I had a class in middle school where the teacher released a bunch of grasshoppers outside of the classroom and the students were tasked with catching them. I think we fed them to the class pet, a spider or something. My memory is not the best. I'm always seeing in anime people going bug catching, and they do it in animal crossing too, so, have you ever gone bug catching? Omg, I just remembered having this suction toy as a kid that would suck up any bugs and put them in a capsule. Omg, that thing was awesome. I'mma hit up amazon real quick. Give me a second. Okay, I'm back. Aw man, but the real sucky thing is that I never went into a forest or the mountains to catch bugs, I betcha that's where the real deals are.
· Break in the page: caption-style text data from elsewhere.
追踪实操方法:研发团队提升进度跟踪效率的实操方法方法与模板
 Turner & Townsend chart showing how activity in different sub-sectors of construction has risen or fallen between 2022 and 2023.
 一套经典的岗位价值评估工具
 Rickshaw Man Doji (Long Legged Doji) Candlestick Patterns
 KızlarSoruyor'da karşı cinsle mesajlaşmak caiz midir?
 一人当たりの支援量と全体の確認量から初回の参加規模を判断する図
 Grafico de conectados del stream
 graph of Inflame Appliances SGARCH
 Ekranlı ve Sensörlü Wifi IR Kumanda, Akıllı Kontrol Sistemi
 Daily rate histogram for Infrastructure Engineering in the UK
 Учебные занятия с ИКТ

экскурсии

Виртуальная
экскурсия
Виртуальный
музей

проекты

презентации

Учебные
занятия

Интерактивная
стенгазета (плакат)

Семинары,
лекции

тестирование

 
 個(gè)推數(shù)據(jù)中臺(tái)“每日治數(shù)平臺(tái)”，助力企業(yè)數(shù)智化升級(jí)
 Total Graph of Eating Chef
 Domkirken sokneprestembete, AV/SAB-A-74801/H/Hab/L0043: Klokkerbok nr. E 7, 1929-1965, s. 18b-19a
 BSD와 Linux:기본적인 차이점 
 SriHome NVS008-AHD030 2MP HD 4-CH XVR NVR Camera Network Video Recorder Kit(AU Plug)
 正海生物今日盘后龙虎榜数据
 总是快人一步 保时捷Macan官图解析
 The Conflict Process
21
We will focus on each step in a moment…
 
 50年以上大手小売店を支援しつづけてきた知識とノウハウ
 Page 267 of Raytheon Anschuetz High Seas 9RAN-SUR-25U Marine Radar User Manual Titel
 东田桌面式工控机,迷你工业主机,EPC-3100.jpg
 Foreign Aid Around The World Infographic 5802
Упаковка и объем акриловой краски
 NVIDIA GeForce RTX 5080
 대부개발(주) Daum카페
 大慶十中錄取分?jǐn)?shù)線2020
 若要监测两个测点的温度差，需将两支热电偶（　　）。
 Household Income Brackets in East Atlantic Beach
What was I saying again?
I remember vividly that when I was a child in kindergarten, I would go to a certain grass field and catch grasshoppers by hand.
Grasshoppers, praying mantises, crickets leaf hoppers, and the occasional daddy long legs. Did it until I was 8 or 9.
Bunch of psychos in this thread. I wouldn’t go anywhere near creepy crawlies back then and I still wouldn't now. NOPE
i dont think i ever went out "bug catching" i did catch quite a few tho, i also caught reptiles and a mouse or two if smashing em with a shovel counts. the lizard dropped its tail and bailed and i dont think i caught one after that, frogs were let back into the pond after holding em for a while.
Yeah, when i was in elementary school, i love catching various of animals with my friends. Grasshoppers, dragonfly (with sticky stick), praying mantis, butterfly fishes, chamelon, crabs, eels, even snake (which we thought it was eel). That was a fun times, so nostalgic.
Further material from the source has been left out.